So you’ve decided to write for social change. You’ve sat down, straightened your workspace, and pulled out your writing materials. Now what? The social justice world is huge! It can be daunting for a new writer to dive in, so how do you get started?
Step 1: Pick a Topic You’re Passionate About
There are a lot of social justice issues out there, so you want to make sure that you have chosen one that that you are passionate about. It could be from your own experiences and familiarity with the subject, or maybe someone you know has experienced this form of social injustice. Or you might choose it because you feel like it is something that you can understand and relate to because you identify with the group of people suffering from that particular type of social injustice. When I write, I focus on gender violence, especially when it comes to sexual abuse. As a survivor, this is easiest for me, because I have experienced it and I believe that sharing my experiences can change the world for other women. You don’t have to be a victim of social injustice to write about it, but you should become knowledgeable on the subject. Which leads me to…
Step 2: Get Acclimated
Learn everything there is to know on your subject! This is true for any writing, but research is especially important when writing for social justice. The reason for this being that social justice issues are complicated. They often discuss abstract ideas, they often have multiple sides, and they even sometimes have conflicting belief systems. You don’t have to know everything before you start writing, but you should be familiar with the landscape of the issue and the general arguments from all sides. Be careful of any bias that a source may have. I like to use Al Jazeera because they are a non-profit news source, so there is less chance of bias, and their writers are credible, informed, and involved.
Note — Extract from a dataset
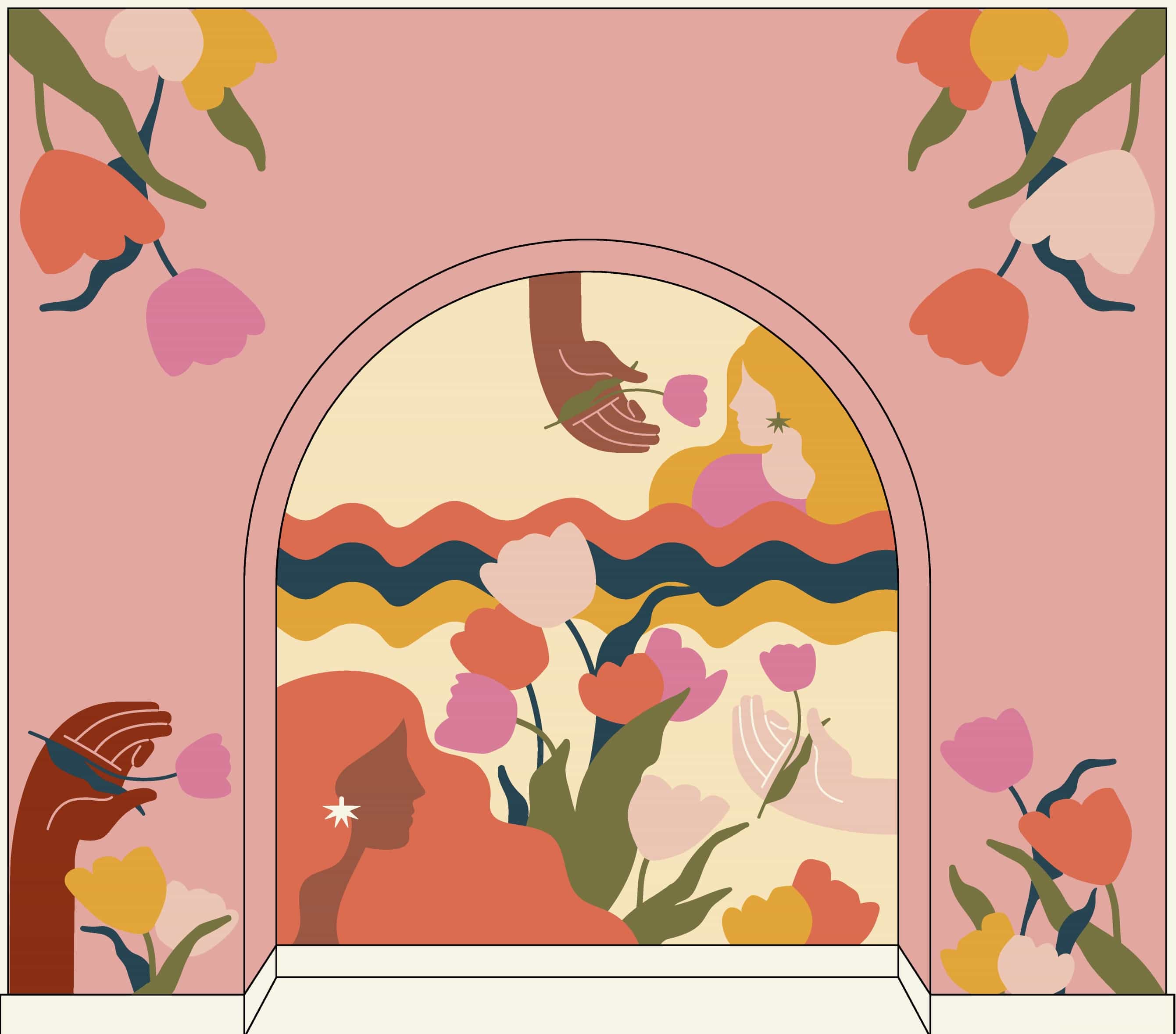 Design graphic 1 from the "Dynamic mural for a bright and inclusive community space" project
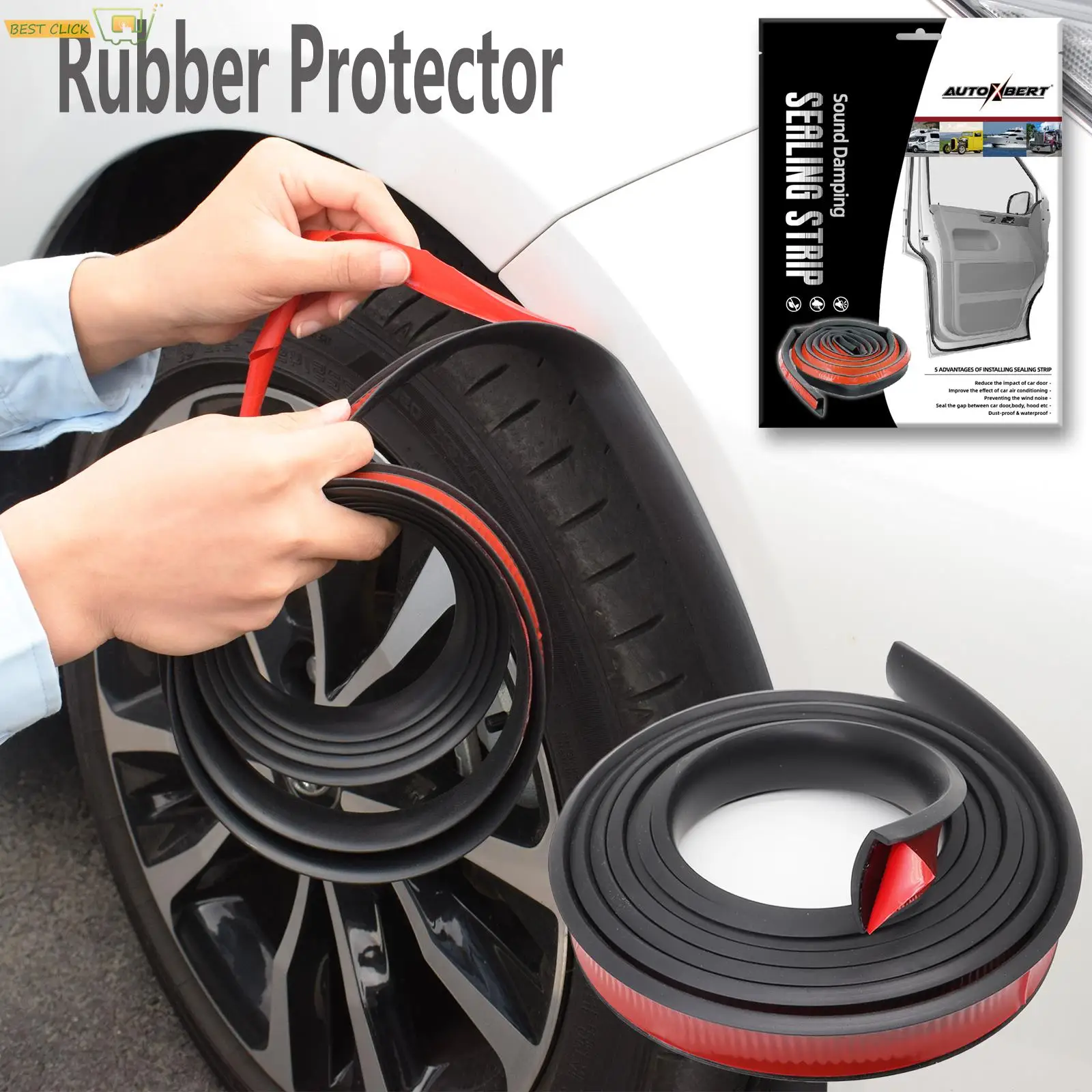 Car Wheel Arch Mudguard 3Meter Car Fender Flare Wheel Eyebrow Protector Arch Extenders Moulding Trim Camper Shells Rubber Seal Strip DIY Scratch Proof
Another helpful source is the Socialist Worker. They create a helpful platform when it comes to analyzing and following current discussions and debates on a variety of topics. This site is helpful for getting situated into the most current part of the conversation but is probably not best until you have a background on your subject.
Step 3: Write!
Now that you have an understanding of your topic, you can start to write! The amount of writing out there can be overwhelming, but the key to getting started is not losing your own voice in all the information that is out there. What you have to say matters! Only you can share your personal experience, and that is an invaluable tool.
Forbes Magazine interviewed award winning author Beverly Schwartz in an article titled, "This is Our Time for Storytelling: 3 1/2 Tips for Writing About Social Change ..." Schwartz says, “If you feel a story in you, and you want to let your inner writer out, start a blog … If your inner creative is still not satiated, tell your story through social media, video, photos, murals, or animated comic books. Whatever. It’s your story, your message. You need to find the format that works best for you and your audience.” (Emphasis added.)
So get writing and remember, "A word after a word after a word is power."*
* From the poem “Spelling” by Margaret Atwood.